Britain's first-time Sikh-origin MP Tanmanjit Singh Dhesi today congratulated the organisations and individuals demanding that the remains of Maharaja Duleep Singh were brought back to Punjab.

Labour MP Tan Dhesi (right) with Punjab CM Capt Amarinder Singh.
Labour MP Tan Dhesi (right) with Punjab CM Capt Amarinder Singh. Photo Courtesy: Twitter

He, however, sounded cautious in making any commitment over the issue. Talking to reporters in Phagwara in Punjab after he was honoured by over a dozen religious, social and voluntary organisations, including the Shiromani Gurdwara Parbandhak Committee (SGPC), Dhesi said it was a complicated matter involving legalities.

"Besides, some are supporting it while others are opposing it," he said. This was Dhesi's first visit to Phagwara after becoming a member of the British Parliament. His parents, Jaspal Singh Dhesi and Dalvinder Kaur Dhesi, live in Phagwara, though their native village is nearby Raipur.

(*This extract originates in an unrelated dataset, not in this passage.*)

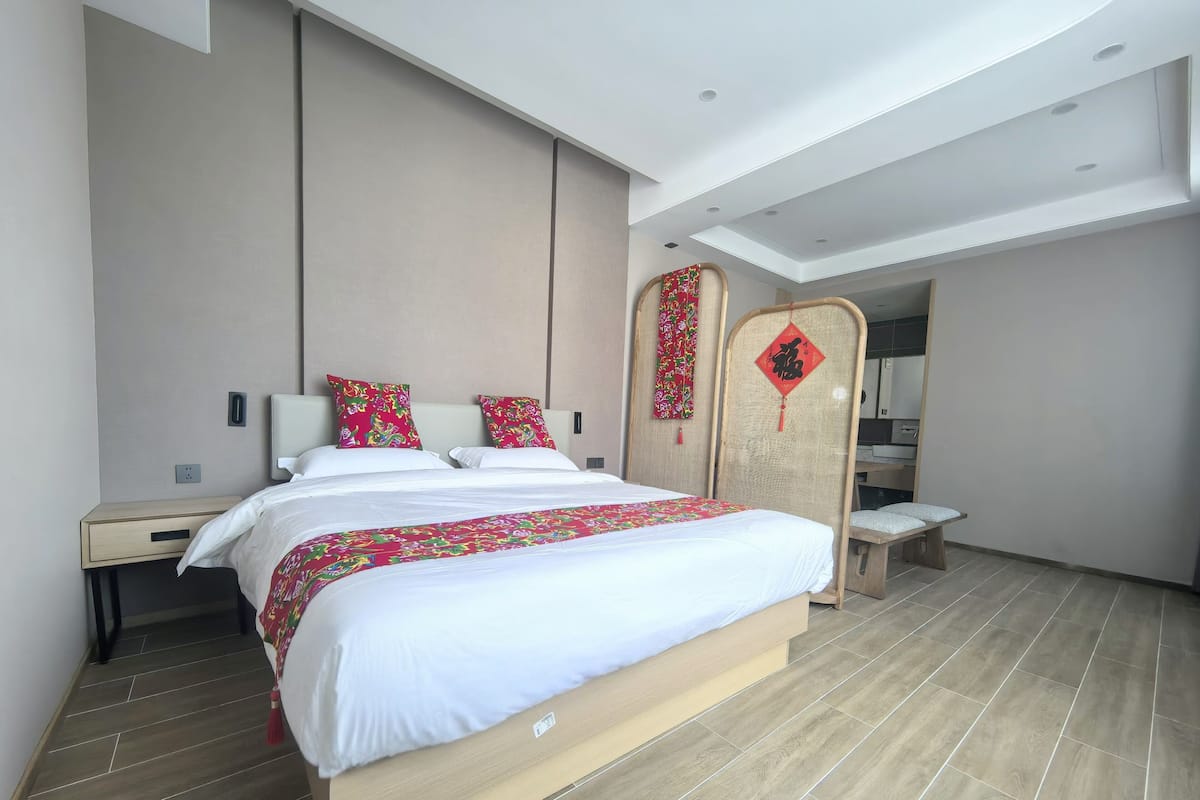 Habitación de hotel moderna con una cama grande, una mesita de noche, un armario y un pequeño banco.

"I congratulate all those who have brought the matter into the 'lokan di kacheri' (people's court), but I will make any commitment on it only after all the facts and views come to light," said Dhesi. "We too are considering the issue seriously."

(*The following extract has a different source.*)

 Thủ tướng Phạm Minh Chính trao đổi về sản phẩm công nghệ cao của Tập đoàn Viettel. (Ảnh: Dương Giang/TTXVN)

Even after 124 years of the death of Maharaja Duleep Singh, the king of Punjab who was dethroned by the British, a controversy rages on over whether his remains should be brought back to the state from England for cremation as per Sikh rites.

Singh, who was forced to spend the better part of his life in exile, lies buried at the Elveden Church in Suffolk in eastern England.

Batting for an effective mechanism to address the issues of NRIs, Dhesi said the non-resident Indians faced problems related to land disputes and marriage among others.

"As a representative of the Punjabis, especially Sikhs, I will keep raising these matters at appropriate forums," he added.

"It is tragic for the Sikhs living in France that they have to remove their turbans for getting photographed and their children cannot go to schools wearing turbans, while over 80,000 turbaned Sikhs had laid down their lives for that country's independence," he said. Dhesi also expressed concern over the alleged hate crimes against the Sikhs in the US.

Addressing the gathering, Dhesi shared his memories of schooling in Raipur and association with Phagwara as a boy.